| DIRECTIONS FOR THIS TASK |
Would you reproduce exactly the lines below from the one holding "Futurama's Zoidberg and Fry in Cartoon Style" through the one holding "Design Toscano Racing", inclusive, and no others?

| DATA PROVIDED |

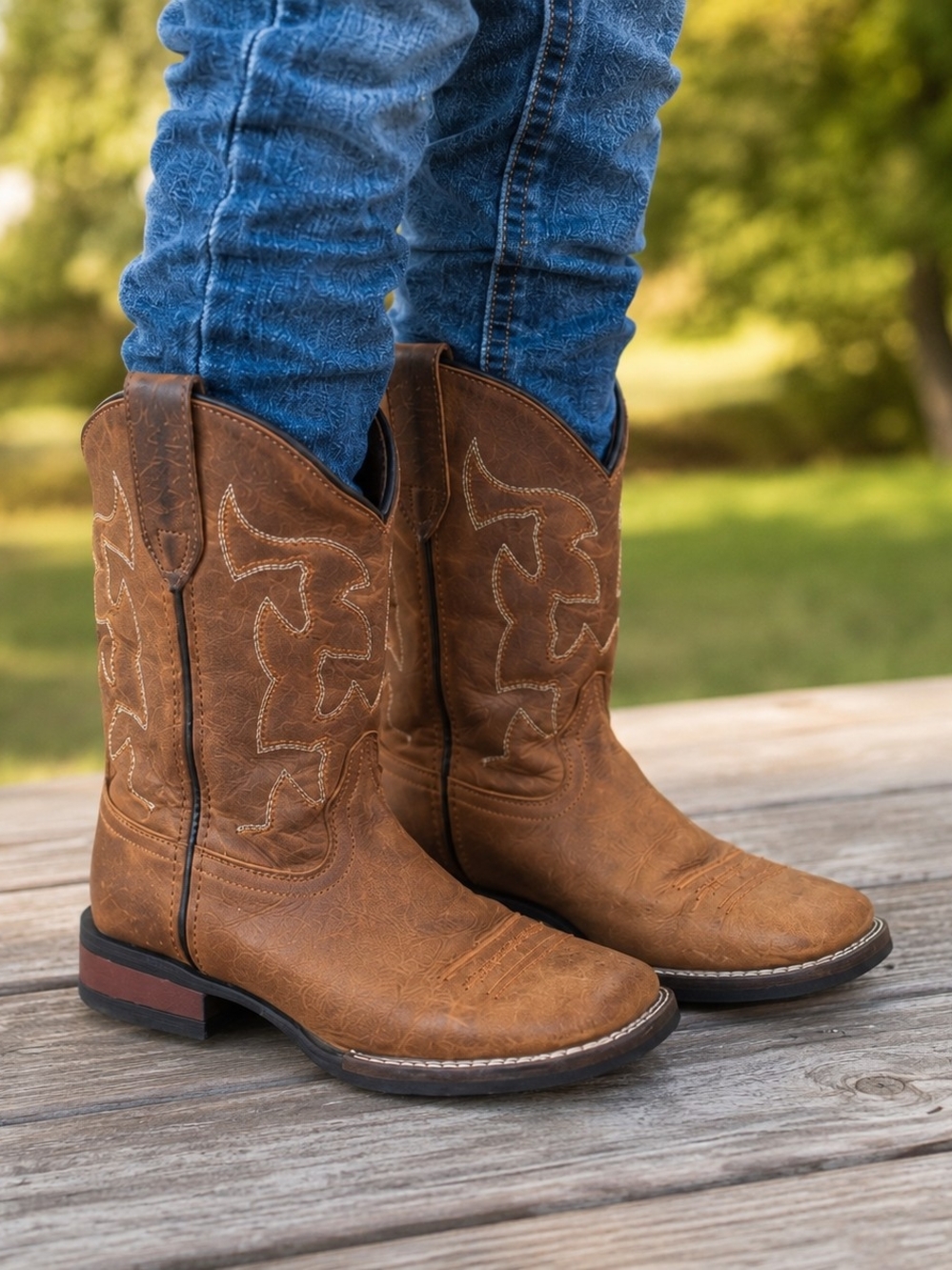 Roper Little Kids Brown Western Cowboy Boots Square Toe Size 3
---
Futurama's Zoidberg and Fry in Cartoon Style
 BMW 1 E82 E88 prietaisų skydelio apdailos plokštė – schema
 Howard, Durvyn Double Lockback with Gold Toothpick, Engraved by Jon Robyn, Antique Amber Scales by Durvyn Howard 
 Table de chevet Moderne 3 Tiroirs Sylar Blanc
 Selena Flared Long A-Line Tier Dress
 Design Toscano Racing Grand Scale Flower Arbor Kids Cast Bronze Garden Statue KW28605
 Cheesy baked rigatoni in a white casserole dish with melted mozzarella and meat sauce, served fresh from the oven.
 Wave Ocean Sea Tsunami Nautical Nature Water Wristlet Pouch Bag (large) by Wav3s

| REPLY TO THE TASK |
Futurama's Zoidberg and Fry in Cartoon Style
 BMW 1 E82 E88 prietaisų skydelio apdailos plokštė – schema
 Howard, Durvyn Double Lockback with Gold Toothpick, Engraved by Jon Robyn, Antique Amber Scales by Durvyn Howard 
 Table de chevet Moderne 3 Tiroirs Sylar Blanc
 Selena Flared Long A-Line Tier Dress
 Design Toscano Racing Grand Scale Flower Arbor Kids Cast Bronze Garden Statue KW28605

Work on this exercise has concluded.